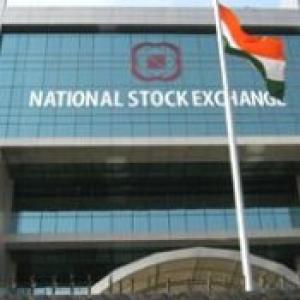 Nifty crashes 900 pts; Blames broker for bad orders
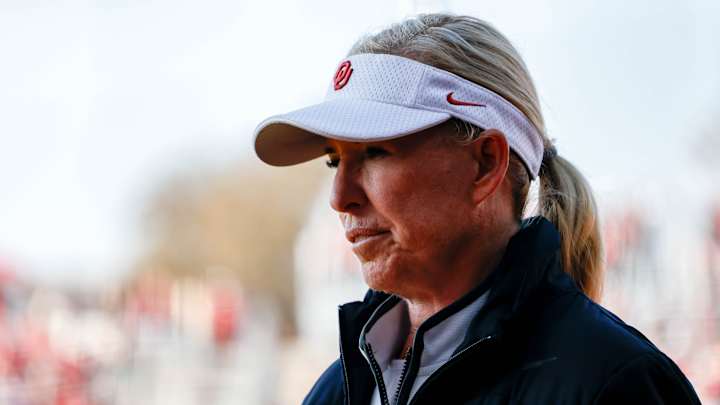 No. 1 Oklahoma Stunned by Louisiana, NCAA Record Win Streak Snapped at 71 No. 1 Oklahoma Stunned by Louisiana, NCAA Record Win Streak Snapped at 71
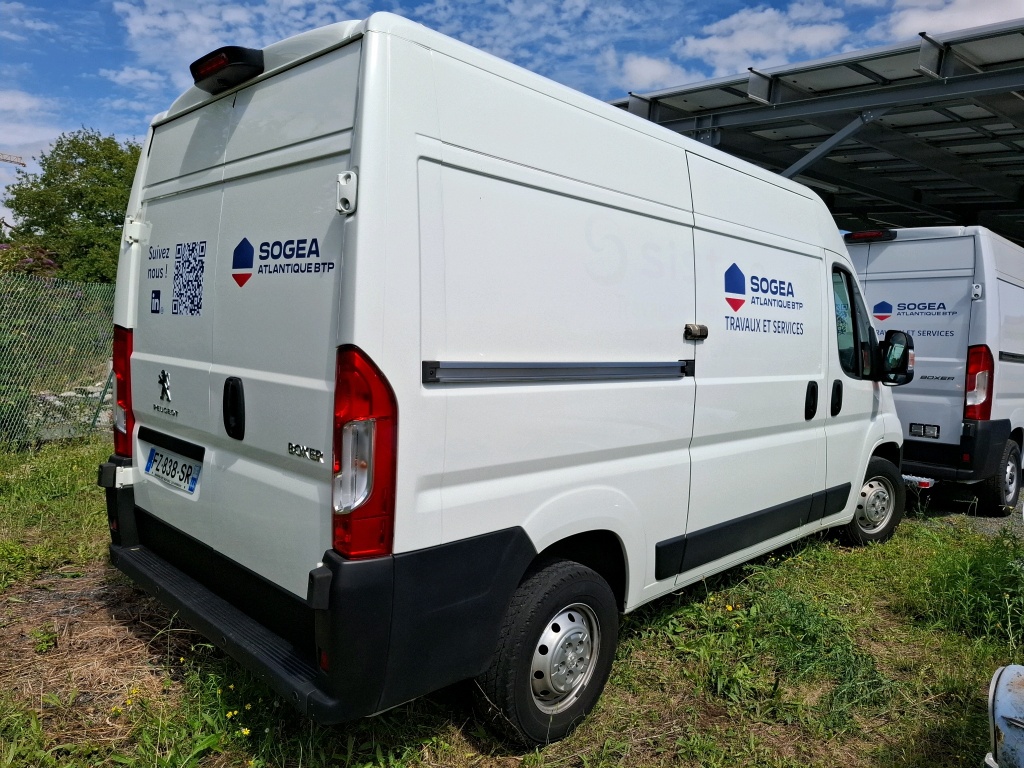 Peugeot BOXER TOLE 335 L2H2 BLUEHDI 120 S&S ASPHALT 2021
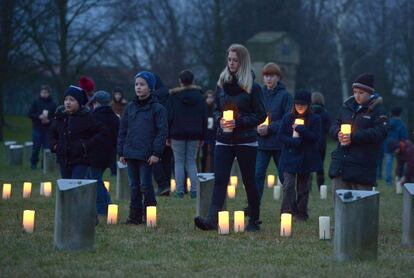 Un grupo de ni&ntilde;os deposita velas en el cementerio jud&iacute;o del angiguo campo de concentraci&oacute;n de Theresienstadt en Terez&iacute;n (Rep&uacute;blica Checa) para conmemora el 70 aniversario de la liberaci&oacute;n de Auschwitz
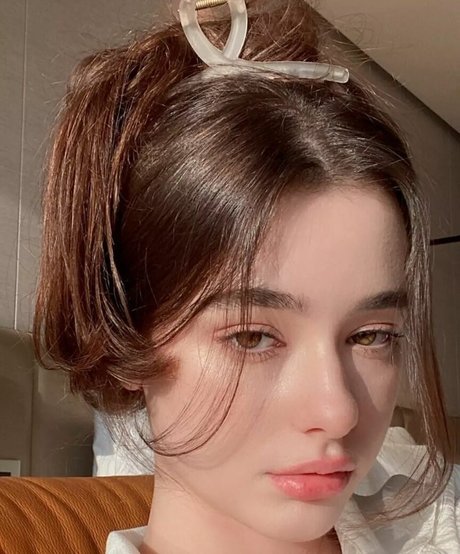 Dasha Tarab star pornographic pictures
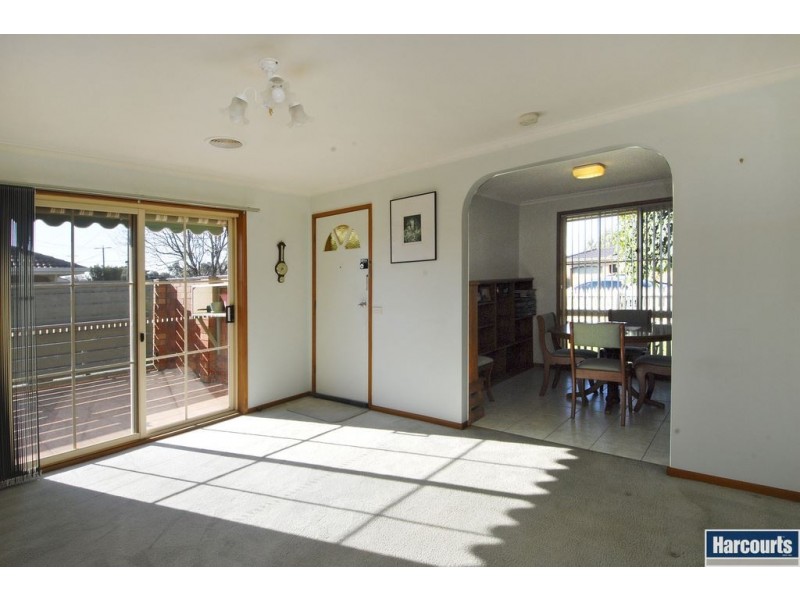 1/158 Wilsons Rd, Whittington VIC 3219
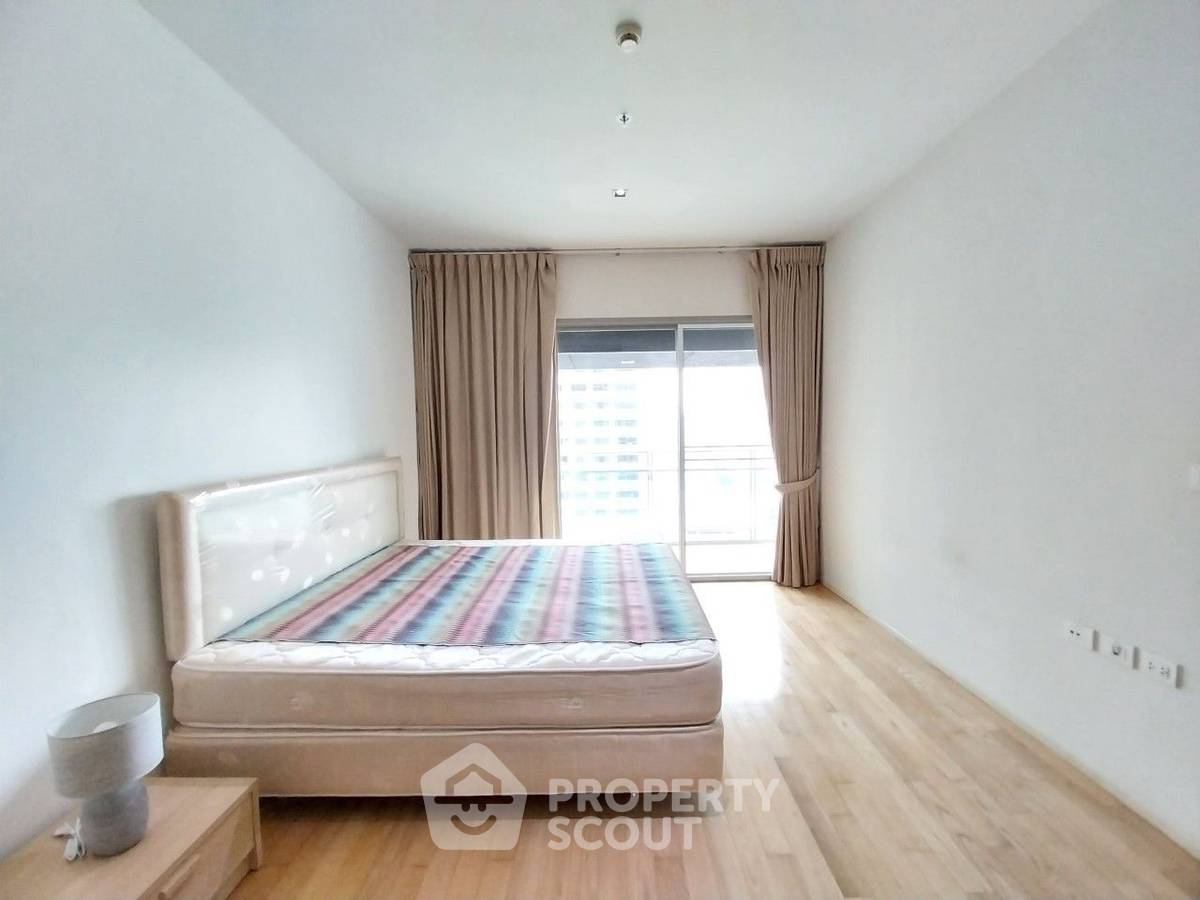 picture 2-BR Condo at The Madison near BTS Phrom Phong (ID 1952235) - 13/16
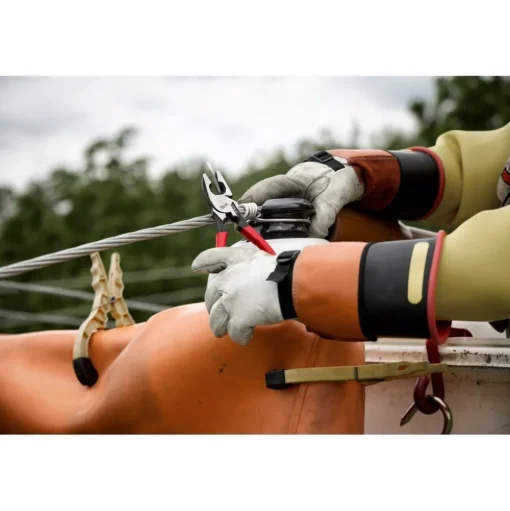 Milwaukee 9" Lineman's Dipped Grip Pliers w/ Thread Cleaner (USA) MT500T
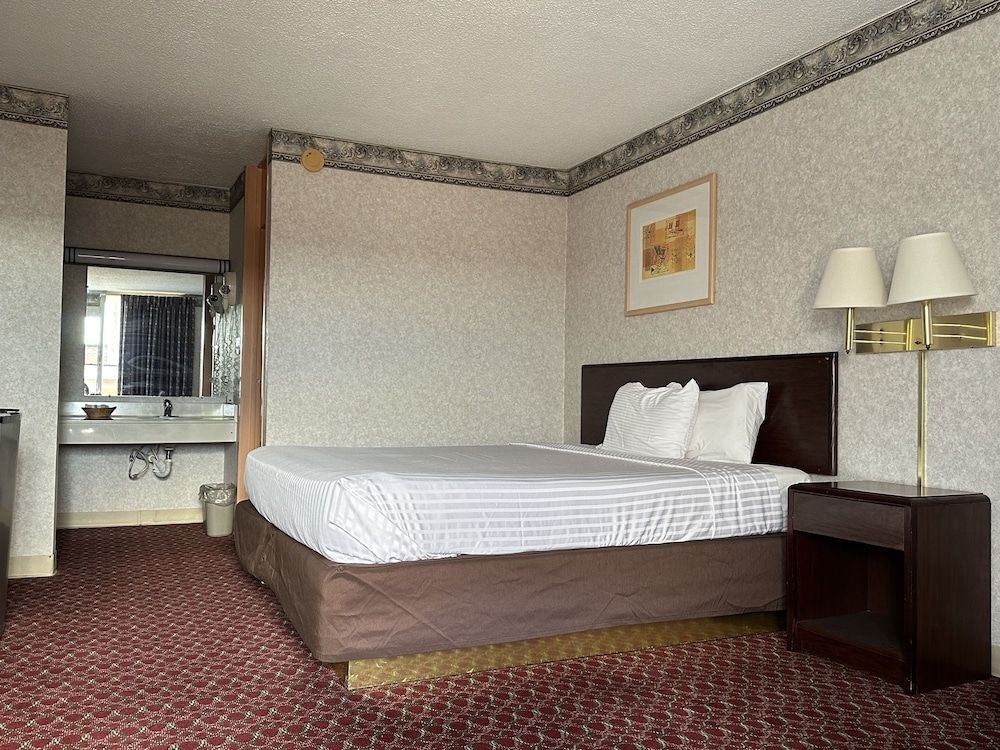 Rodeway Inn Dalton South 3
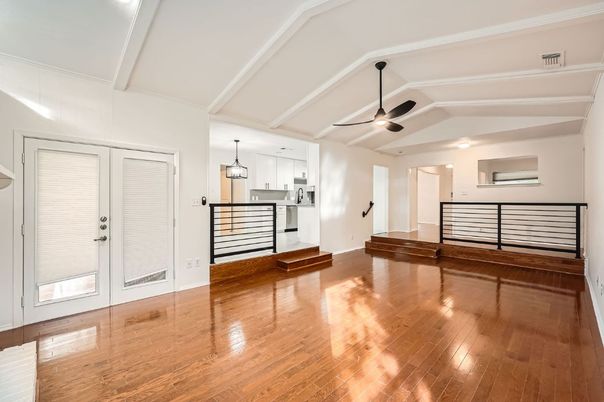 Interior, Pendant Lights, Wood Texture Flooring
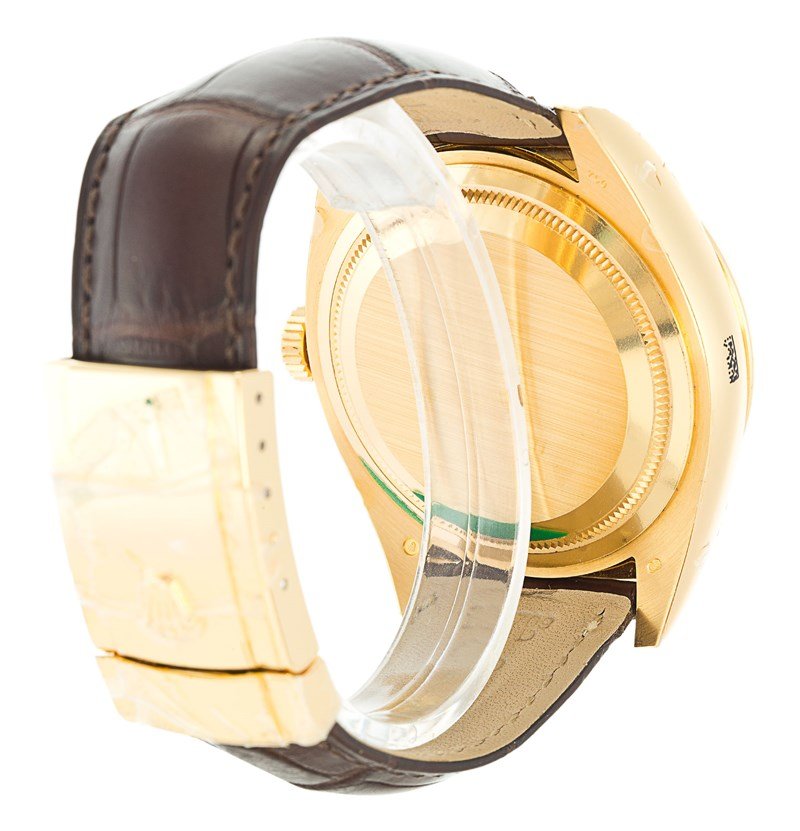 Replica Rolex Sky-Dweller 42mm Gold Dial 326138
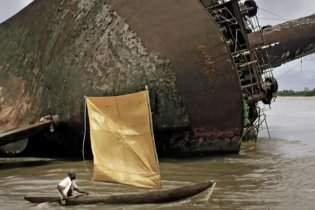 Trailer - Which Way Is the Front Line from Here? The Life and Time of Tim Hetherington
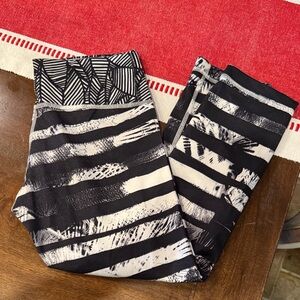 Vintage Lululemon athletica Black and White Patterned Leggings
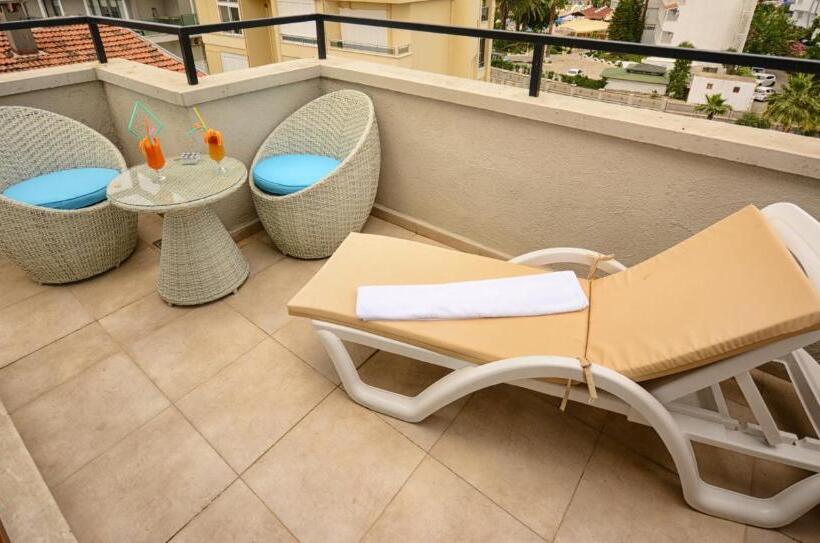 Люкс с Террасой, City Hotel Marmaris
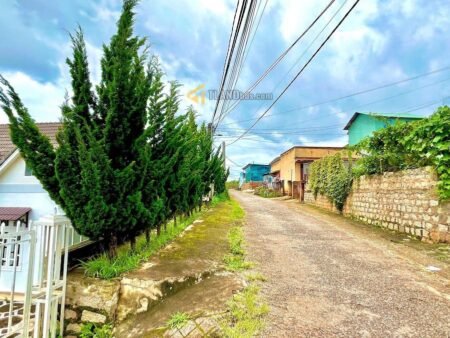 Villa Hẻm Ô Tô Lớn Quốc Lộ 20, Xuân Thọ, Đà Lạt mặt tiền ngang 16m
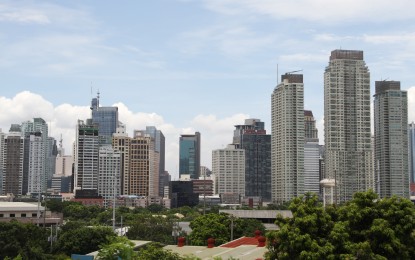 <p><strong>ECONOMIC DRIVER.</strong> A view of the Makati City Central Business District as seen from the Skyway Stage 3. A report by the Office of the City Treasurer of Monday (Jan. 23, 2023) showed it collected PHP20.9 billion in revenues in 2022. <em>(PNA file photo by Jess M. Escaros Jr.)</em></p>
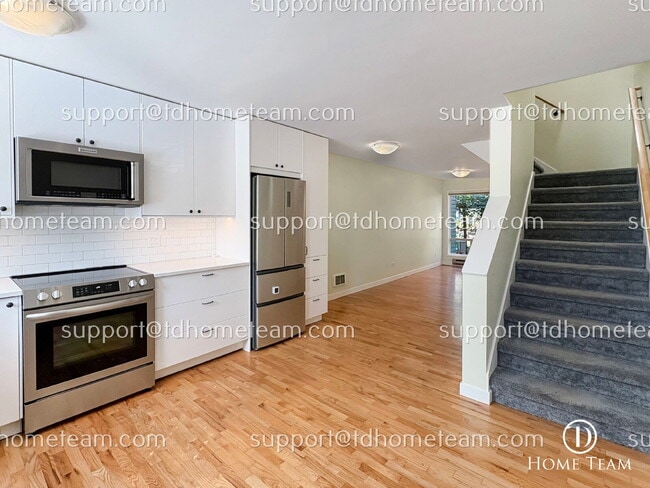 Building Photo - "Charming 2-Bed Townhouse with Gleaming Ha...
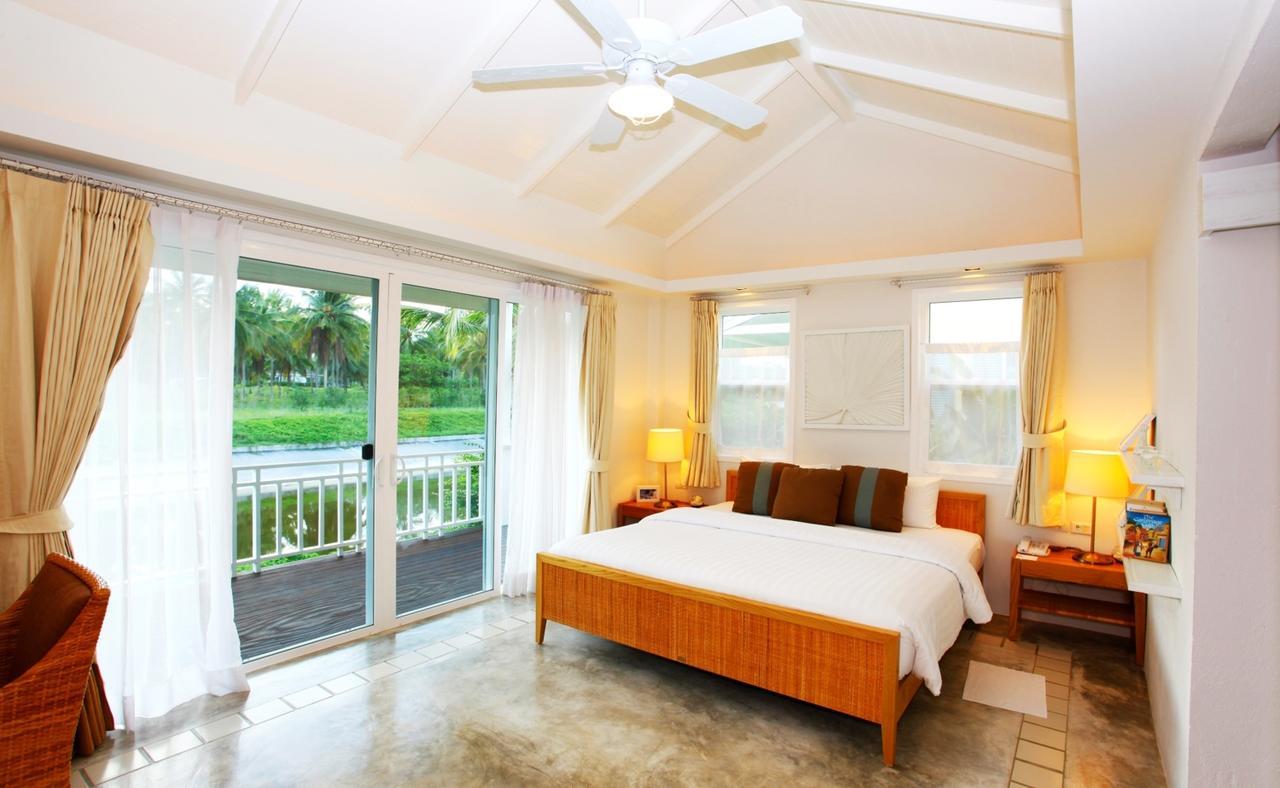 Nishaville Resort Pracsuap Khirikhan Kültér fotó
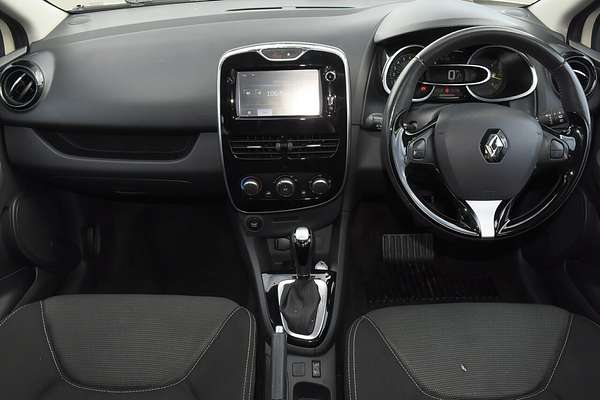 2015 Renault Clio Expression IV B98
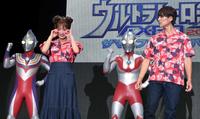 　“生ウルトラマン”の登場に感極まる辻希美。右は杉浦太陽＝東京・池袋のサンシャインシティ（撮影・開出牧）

* [What you are asked to do]: Go back to the listing above and reproduce, exactly, the stretch from the line bearing "Un grupo de" through the line bearing "Люкс с Террасой, City Hotel Marmaris", without its pictures.

* [Answer section]:
 Un grupo de ni&ntilde;os deposita velas en el cementerio jud&iacute;o del angiguo campo de concentraci&oacute;n de Theresienstadt en Terez&iacute;n (Rep&uacute;blica Checa) para conmemora el 70 aniversario de la liberaci&oacute;n de Auschwitz
 Dasha Tarab star pornographic pictures
 1/158 Wilsons Rd, Whittington VIC 3219
 picture 2-BR Condo at The Madison near BTS Phrom Phong (ID 1952235) - 13/16
 Milwaukee 9" Lineman's Dipped Grip Pliers w/ Thread Cleaner (USA) MT500T
 Rodeway Inn Dalton South 3
 Interior, Pendant Lights, Wood Texture Flooring
 Replica Rolex Sky-Dweller 42mm Gold Dial 326138
 Trailer - Which Way Is the Front Line from Here? The Life and Time of Tim Hetherington
 Vintage Lululemon athletica Black and White Patterned Leggings
 Люкс с Террасой, City Hotel Marmaris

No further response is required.